Le camp des Alouettes montre beaucoup de profondeur et de batailles intéressantes, mais pas nécessairement beaucoup d’ouvertures de postes.

Plusieurs joueurs de qualité se démarquent et ça va être tout un casse-tête pour les entraîneurs. Presque tout le monde a bien joué dimanche contre Ottawa, et même les jeunes qui ont eu la chance d’embarquer sur le terrain ont en général réussi à faire de beaux jeux et à performer. Je les en félicite.

L’effort et l’intensité étaient clairement au rendez-vous dans le clan montréalais contrairement au Rouge et Noir. Ce sont deux facteurs particulièrement faciles à juger à travers les unités spéciales, qui ont avalé tout rond l’adversaire, que ce soit sur les couvertures de bottés ou sur les retours de bottés.

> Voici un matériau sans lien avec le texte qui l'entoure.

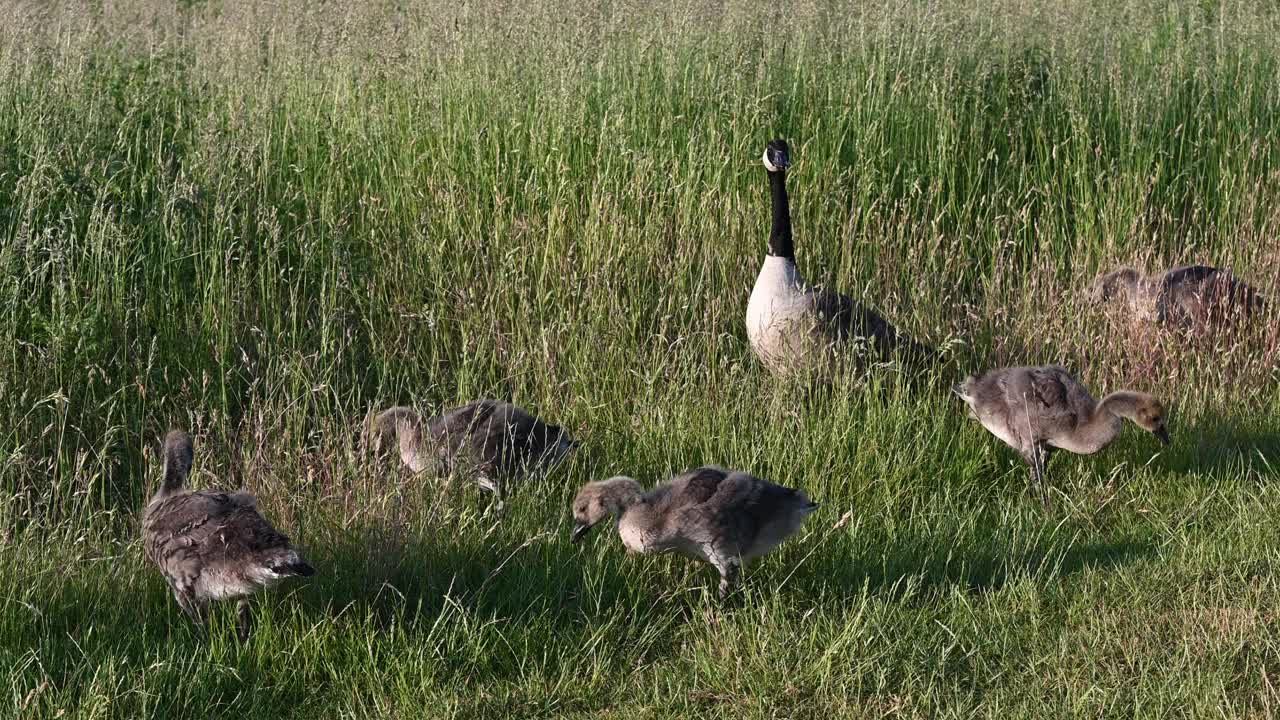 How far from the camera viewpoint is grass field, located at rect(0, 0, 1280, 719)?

C’est certain qu’il ne faut pas s’enflammer tout de suite car ce n’était que le premier match préparatoire, mais on sait que dans les dernières années, ç’a été une des faiblesses des Alouettes. Les entraîneurs disaient toujours à quel point les unités spéciales sont importantes, encore plus au football canadien avec trois essais. Pourtant, durant plusieurs années après le début de l’ère Trestman, les Als n’avaient pas de coordonnateur des unités spéciales à temps plein, ce qui était plutôt contradictoire. Ça a paru aussi car ils ont connu des problèmes à ce chapitre. Cette année ils sont finalement passés de la parole aux actes en embauchant le très expérimenté Kavis Reed, qui est un ancien entraîneur-chef dans la LCF avec les Eskimos en plus d’un ancien coordonnateur défensif et des unités spéciales. C’était le fun de voir les joueurs aller hier, les couvertures étaient excellentes et les retours ont été très productifs.

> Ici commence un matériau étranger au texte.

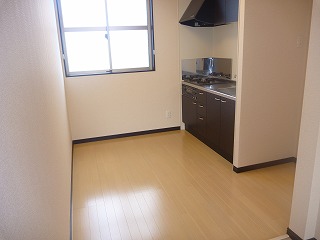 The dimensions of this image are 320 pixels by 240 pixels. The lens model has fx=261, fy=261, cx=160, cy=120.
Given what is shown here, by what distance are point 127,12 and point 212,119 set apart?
214cm

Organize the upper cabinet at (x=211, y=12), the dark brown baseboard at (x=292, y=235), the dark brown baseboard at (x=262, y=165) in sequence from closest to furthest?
the dark brown baseboard at (x=292, y=235), the dark brown baseboard at (x=262, y=165), the upper cabinet at (x=211, y=12)

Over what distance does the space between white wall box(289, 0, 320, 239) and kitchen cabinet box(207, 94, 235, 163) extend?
1278mm

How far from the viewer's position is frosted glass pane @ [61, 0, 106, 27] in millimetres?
3820

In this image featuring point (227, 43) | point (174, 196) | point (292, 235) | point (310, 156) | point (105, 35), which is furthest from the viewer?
point (227, 43)

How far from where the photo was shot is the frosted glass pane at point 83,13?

Alouettes 26 - Rouge et Noir 9

En moyenne, Ottawa a gagné 2,25 verges par retour de botté de dégagement, le plus long ayant été de 5 verges. Les Als, eux, ont en moyenne gagné 12,5 verges et le plus long retour a été de 34 verges. En comparant, on constate qu’à chaque échange de retour de dégagement Montréal avait un avantage de 10 verges sur le terrain, donc un premier essai de plus sans même que l’attaque fasse quoi que ce soit. C’est la preuve que les unités spéciales sont primordiales au niveau du positionnement. Quand on repense aux déboires passés, comme les deux touchés de Brandon Banks en finale de l’Est l’an dernier, ça fait du bien.

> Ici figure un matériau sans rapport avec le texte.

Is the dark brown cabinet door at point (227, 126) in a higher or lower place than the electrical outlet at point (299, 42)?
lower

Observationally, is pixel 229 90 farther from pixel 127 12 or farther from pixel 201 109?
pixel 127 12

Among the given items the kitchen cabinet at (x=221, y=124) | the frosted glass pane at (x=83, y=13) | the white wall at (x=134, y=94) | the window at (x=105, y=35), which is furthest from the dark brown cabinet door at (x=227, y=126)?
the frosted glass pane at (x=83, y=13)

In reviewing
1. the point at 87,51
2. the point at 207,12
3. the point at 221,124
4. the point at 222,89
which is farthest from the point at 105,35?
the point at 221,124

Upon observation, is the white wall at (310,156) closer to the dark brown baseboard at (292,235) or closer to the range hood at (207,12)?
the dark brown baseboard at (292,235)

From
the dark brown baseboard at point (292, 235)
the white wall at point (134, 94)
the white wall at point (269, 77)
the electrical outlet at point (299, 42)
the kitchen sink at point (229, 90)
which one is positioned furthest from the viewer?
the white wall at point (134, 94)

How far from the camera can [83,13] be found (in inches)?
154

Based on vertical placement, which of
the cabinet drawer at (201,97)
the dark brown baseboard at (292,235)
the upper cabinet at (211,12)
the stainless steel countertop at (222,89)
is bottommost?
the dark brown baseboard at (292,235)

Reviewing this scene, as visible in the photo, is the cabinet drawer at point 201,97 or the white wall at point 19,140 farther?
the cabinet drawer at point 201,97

J’ai beaucoup aimé le travail de Stefan Logan. Ce qui est dommage, c’est que la première fois où il a touché le ballon à son premier match avec les Moineaux, son touché a été annulé par une pénalité. Malgré tout, cela laissait entrevoir une étincelle, ça laissait croire qu’il a peut-être quelque chose de spécial, qu’il peut aller marquer n’importe quand. En moyenne, il allait toujours chercher au moins un premier essai. J’ai toujours demandé ça à un retourneur de botté de dégagement : tu peux aller chercher un touché de 80 verges, on va le prendre, mais si tu peux me donner en moyenne 10 verges par retour toute l’année, ça va être exceptionnel.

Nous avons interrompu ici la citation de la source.